From a simple ground covering to a survival shelter, there are a few times when a tarp won’t come in handy for some purpose. An excellent waterproof tarp can protect you from rainstorms, keep your gear dry when the ground is wet, and act as a moisture barrier for your sleeping pad. Tarps aren’t created equal, and different types and construction materials are better suited for some jobs than others.
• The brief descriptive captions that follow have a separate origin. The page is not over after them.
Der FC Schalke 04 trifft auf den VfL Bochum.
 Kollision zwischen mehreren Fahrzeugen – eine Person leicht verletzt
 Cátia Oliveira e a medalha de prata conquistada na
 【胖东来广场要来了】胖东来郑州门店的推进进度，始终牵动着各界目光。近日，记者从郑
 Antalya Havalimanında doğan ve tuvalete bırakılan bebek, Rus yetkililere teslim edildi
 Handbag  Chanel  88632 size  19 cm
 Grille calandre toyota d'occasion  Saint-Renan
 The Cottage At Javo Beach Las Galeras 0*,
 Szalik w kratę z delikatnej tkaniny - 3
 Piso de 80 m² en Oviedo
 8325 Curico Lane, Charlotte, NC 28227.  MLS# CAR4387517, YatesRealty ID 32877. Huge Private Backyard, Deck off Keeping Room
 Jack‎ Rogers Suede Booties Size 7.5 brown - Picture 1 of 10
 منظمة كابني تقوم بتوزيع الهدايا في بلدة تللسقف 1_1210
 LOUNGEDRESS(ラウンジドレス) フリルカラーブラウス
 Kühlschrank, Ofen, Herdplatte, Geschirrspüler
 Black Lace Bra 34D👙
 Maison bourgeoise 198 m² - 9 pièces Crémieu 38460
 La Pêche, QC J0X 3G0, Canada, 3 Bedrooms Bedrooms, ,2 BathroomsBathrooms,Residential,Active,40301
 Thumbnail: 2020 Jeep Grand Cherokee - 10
Consider these various features when shopping for the best camping tarp for your outdoor adventures.
- Best Overall: WHITEDUCK Canvas Heavy Duty Tarp
- Best for Rugged Use: XPose Safety Super Heavy Duty 16 Mil Brown Poly Tarp
- Best for Backpacking: Sea to Summit Escapist Tarp
- Best for Hammock Camping: Kammock Kuhli Tarp
- Best for Car Camping: Kelty Waypoint Tarp
- Best Ground Tarp: REDCAMP Ultralight Tent Footprint
- Best Shelter: SJK Satellite Tarp
- Best Emergency Tarp: Lewis N. Clark Nylon Tarp
- Best Budget: Stansport Reinforced Brown Rip-Stop Tarp
How We Chose The Best Camping Tarps
Choosing the best camping tarp, like any outdoor gear, boils down to how you plan to use it. The best ground tarp may not be the best tarp to make a primary shelter, but there are plenty of versatile tarps that may work for both. Looking at the buying considerations is always a part of the decision-making process, but we also evaluate products based on the following:
- Durability: how long is the tarp expected to last? Are there cleaning and storage instructions to help it last longer? Does the company provide information on repair? Is there a warranty?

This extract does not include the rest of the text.